>  今週のトピックス >  No.1404
期首に行う1年先の決算対策
●  期首に行う決算対策
  前回(今週のトピックスNo.1400)は3月決算法人を対象に、期末直前に行うべき決算対策をご紹介した。
  今回は、その姉妹編として期首に行う決算対策についてご説明したい。
●  期首における役員報酬の設定
  まずひとつ目として、役員報酬の設定が挙げられる。
  これまでは、期中に役員報酬を変更することに関して、税務署も比較的柔軟な対応を取ってきた。もちろん取締役会議事録などを残すなどという手続きは必要だったが、その手続きを踏んでいれば、実質的な利益調整ともいえる役員報酬の期中増額についても、税務調査では大目に見てもらい、何とか切り抜けてこられた。
  しかし昨年の税制改正により、役員報酬の損金算入条件として「定期同額給与」であることが明文化され、期中は役員報酬の変更が原則禁止とされた。
  そのため、3月決算法人が役員報酬を変更するには決算後の4〜6月に実施しておく必要がある。そこで決定した役員報酬は1年間継続適用となる。当期1年間の利益予測に基づいて、適正な役員報酬を設定することが今後は重要になってくる。
●  事業年度変更を利用した決算対策
  もうひとつ、期首に検討できる項目として「事業年度変更」がある。
  例えば、これまでずっと3月決算でやってきた法人にとってはそれが当たり前になっており、改めてなぜ3月決算なのかということを考えることは少ないかもしれない。
  しかし個人と違い、法人は事業年度を自由に設定できるため、それが意外に決算対策として有効な場合がある。
●  事業年度の決め方
  上場を目指した会社や一定規模以上の会社になると、節税のみで事業年度を決定すべきではないため、一概にはいえないが、ほかの要素を度外視し、節税のみを最優先に考えた場合、事業年度を決定する際の考え方の基本は、利益が最も大きい月を期首にもってくることといえる。これはその逆を考えてみると分かりやすい。期末に最も利益が出る法人の場合、決算直前に利益が急増し、決算対策をする暇もなく多額の税金を納税しなければならない。それを避けるためには、期首に最も利益が出るという形が望ましい。
●  平成19年度税制改正対策
  また事業年度変更は、税制改正と絡めて考えてみても有利になるケースがある。
  現在国会で平成19年税制改正が審議中だが、税制改正の実施時期は通常「4月1日以後開始事業年度」からとなる例が多い。
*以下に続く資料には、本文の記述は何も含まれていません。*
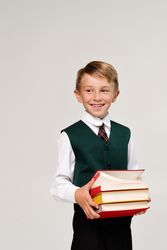 Portrait handsome preteen schoolboy in uniform in front of plain background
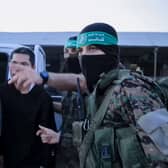 An image from a handout video released by the Hamas Media Office showing members of its Al-Qassam Brigades leading hostages over to officials from the International Committee of the Red Cross in Gaza on Friday. Picture: Hamas Media Office/AFP via Getty Images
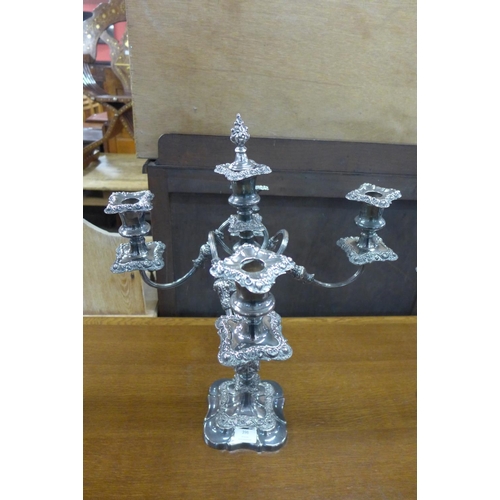 396 - A set of three plated candelabra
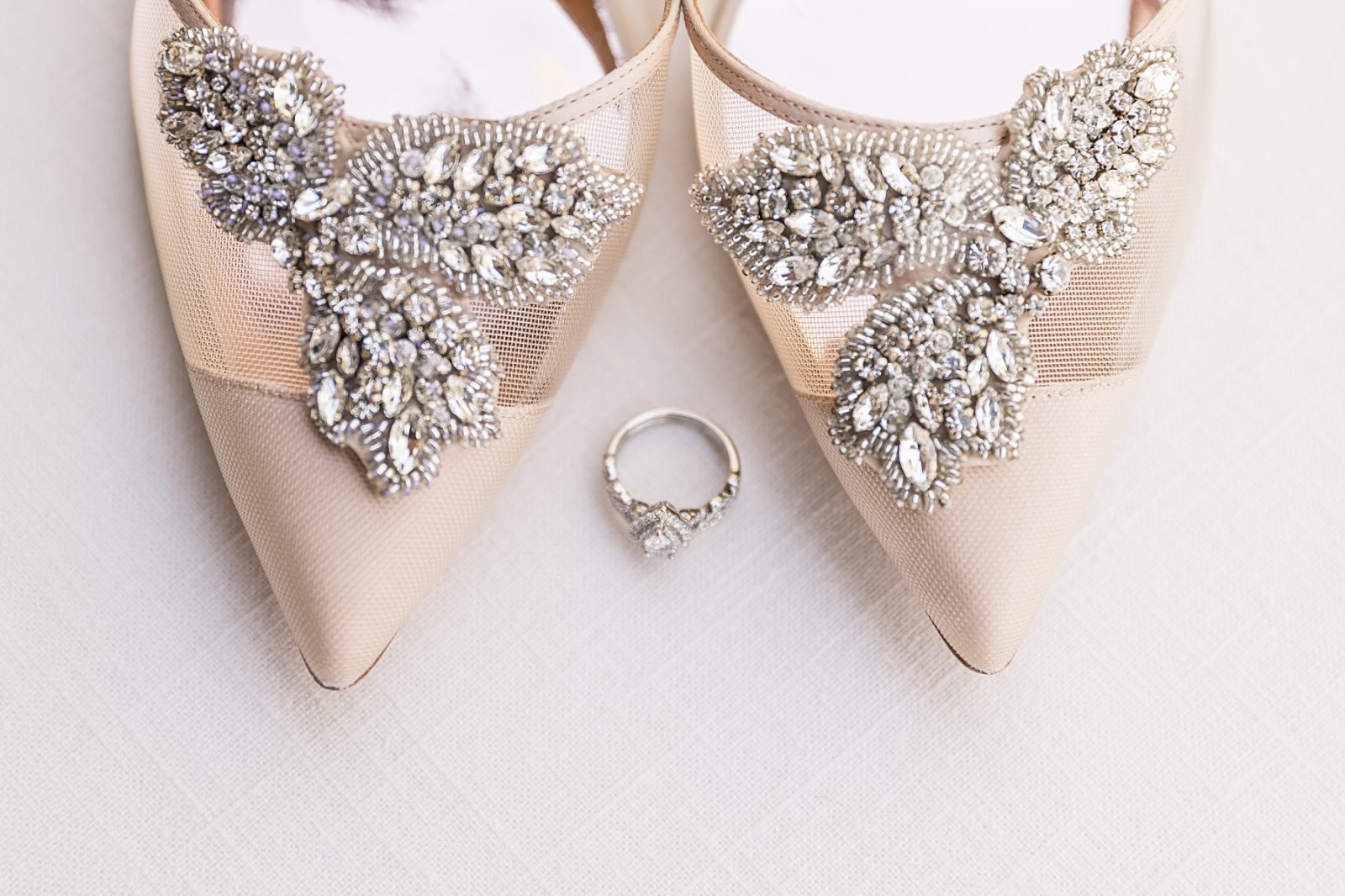 Wedding photography by Diana Gramlich, Badgley Mischka beige birdal shoes with rhinestones and wedding ring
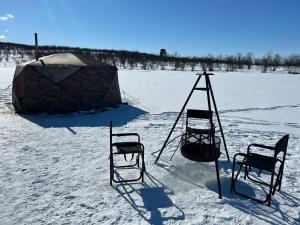 two chairs and a yurt in a snow covered field at Aurora Tent Camp in Karasjok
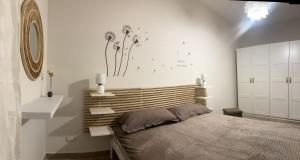 een slaapkamer met een bed en een muur met paardenbloemen bij Casa Butera Sicily in Bagheria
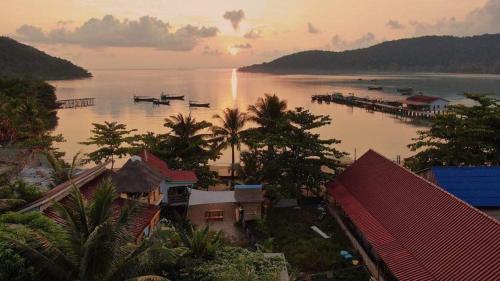 a view of a body of water with houses and boats at Beach House Cambodia in Koh Rong Sanloem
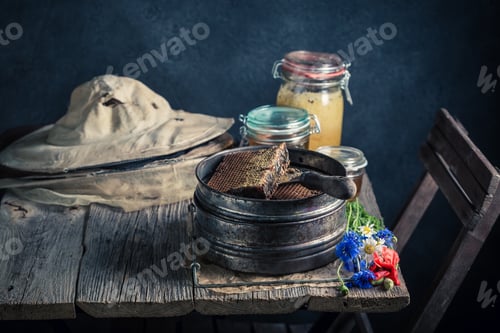Preview: Vintage beekeeper tools in workshop with honey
  例えば「特殊支配同族会社の役員給与損金不算入」の適用除外要件は、この改正で基準所得金額800万円以下から1,600万円以下に引き上げられる予定であるが、これも現在のところ「平成19年4月1日以後開始事業年度」より適用されることになっている。
  この改正案がそのまま採用されたと仮定した場合、2月決算法人でこの規定の対象になる法人を例に考えてみると、基準所得金額が1,600万円以下(800万円超)という要件を満たしていたとしても、「平成19年3月1日開始事業年度」では適用除外要件はまだ800万円基準が適用されるため、増税対象となる。
  そこでこの法人が事業年度変更を実施し、4月1日から3月31日までの事業年度に変更した場合、新事業年度では1,600万円基準により適用除外となるため、増税対象となる事業年度は平成19年3月1日から3月31日までの1ヵ月で済むことになる。
  もちろん、事業年度変更は本来節税の観点からのみ行うものではないので、最終的には総合的な判断の下で行っていただきたい。